[Scraped caption text data]
=-=-=
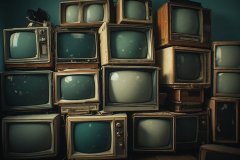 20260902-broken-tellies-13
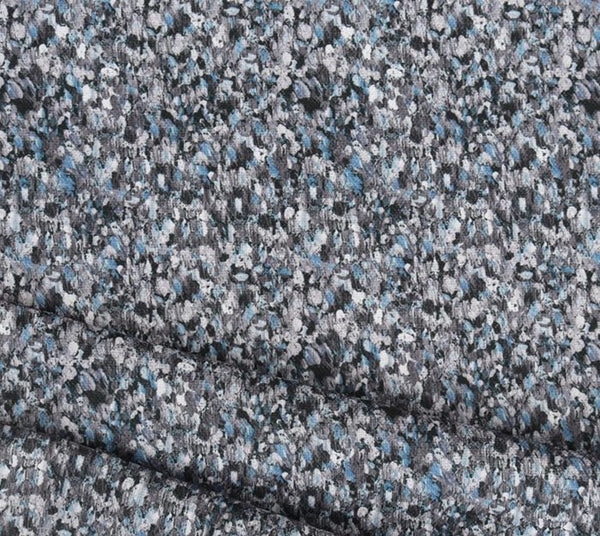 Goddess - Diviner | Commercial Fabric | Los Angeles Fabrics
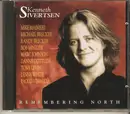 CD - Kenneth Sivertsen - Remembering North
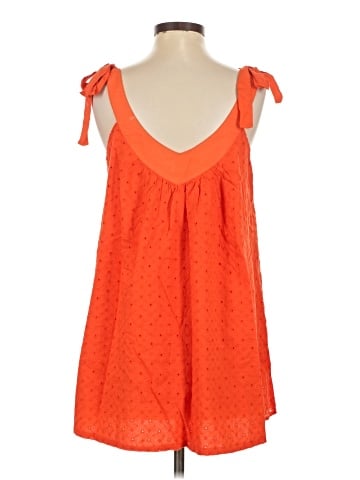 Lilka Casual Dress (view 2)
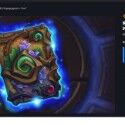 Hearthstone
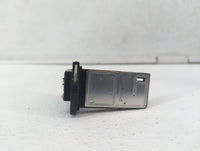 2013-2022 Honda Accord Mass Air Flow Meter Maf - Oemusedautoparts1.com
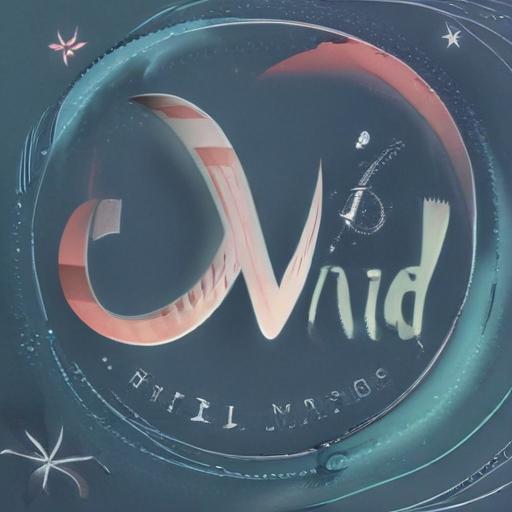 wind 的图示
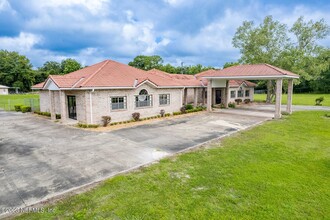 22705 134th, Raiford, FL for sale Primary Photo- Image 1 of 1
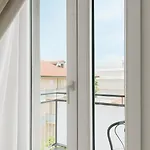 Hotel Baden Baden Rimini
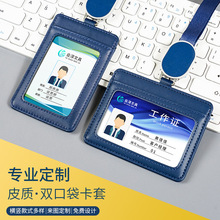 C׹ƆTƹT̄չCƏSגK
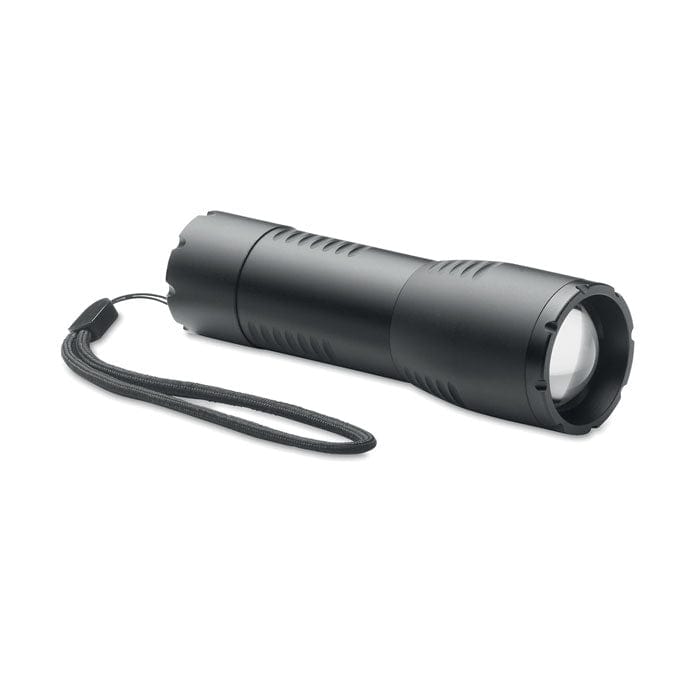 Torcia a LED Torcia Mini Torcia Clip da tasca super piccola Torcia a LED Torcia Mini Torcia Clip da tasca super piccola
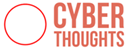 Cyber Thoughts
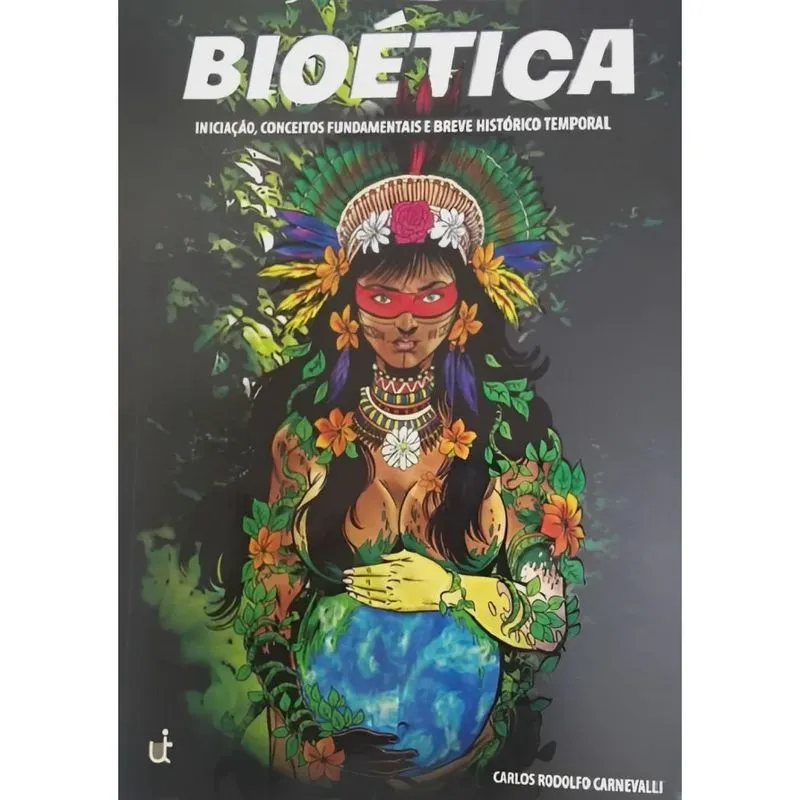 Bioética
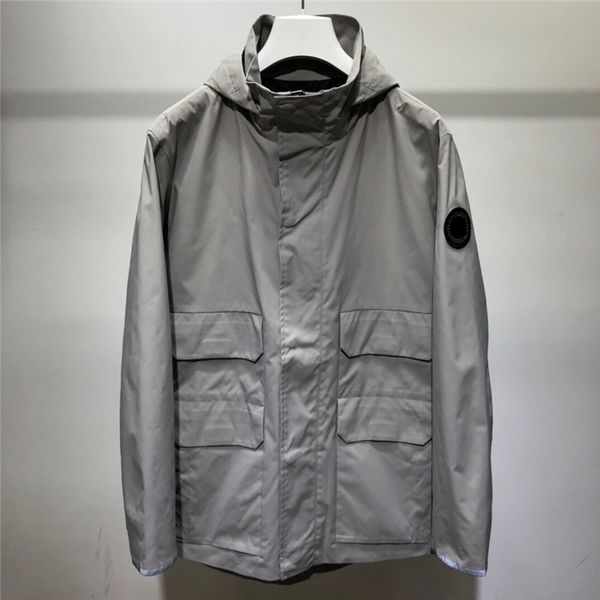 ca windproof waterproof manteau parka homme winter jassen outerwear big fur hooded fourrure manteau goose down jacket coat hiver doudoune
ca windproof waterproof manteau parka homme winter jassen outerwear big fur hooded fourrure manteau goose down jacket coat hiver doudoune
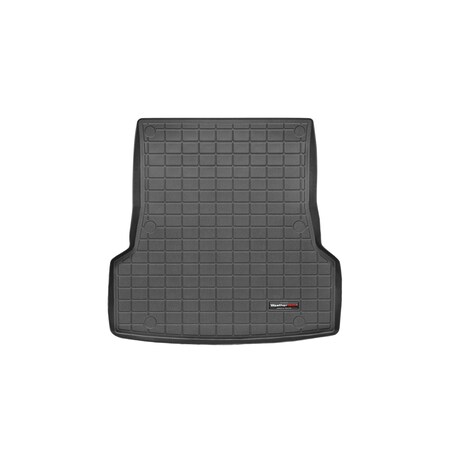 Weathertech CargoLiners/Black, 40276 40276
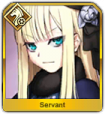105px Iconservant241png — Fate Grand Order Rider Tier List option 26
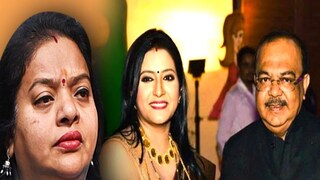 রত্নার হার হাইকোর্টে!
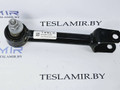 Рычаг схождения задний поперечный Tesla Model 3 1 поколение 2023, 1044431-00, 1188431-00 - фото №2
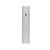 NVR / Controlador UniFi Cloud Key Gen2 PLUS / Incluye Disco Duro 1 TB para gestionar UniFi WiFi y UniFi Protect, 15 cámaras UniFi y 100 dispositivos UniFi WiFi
=-=-=
» **Assigned task**
Nothing but the lines from the one with "Weathertech CargoLiners/Black, 40276 40276" through the end of the entries above, both included, should be set down, exactly and without pictures.

» **Task answer**
 Weathertech CargoLiners/Black, 40276 40276
105px Iconservant241png — Fate Grand Order Rider Tier List option 26
 রত্নার হার হাইকোর্টে!
 Рычаг схождения задний поперечный Tesla Model 3 1 поколение 2023, 1044431-00, 1188431-00 - фото №2
 NVR / Controlador UniFi Cloud Key Gen2 PLUS / Incluye Disco Duro 1 TB para gestionar UniFi WiFi y UniFi Protect, 15 cámaras UniFi y 100 dispositivos UniFi WiFi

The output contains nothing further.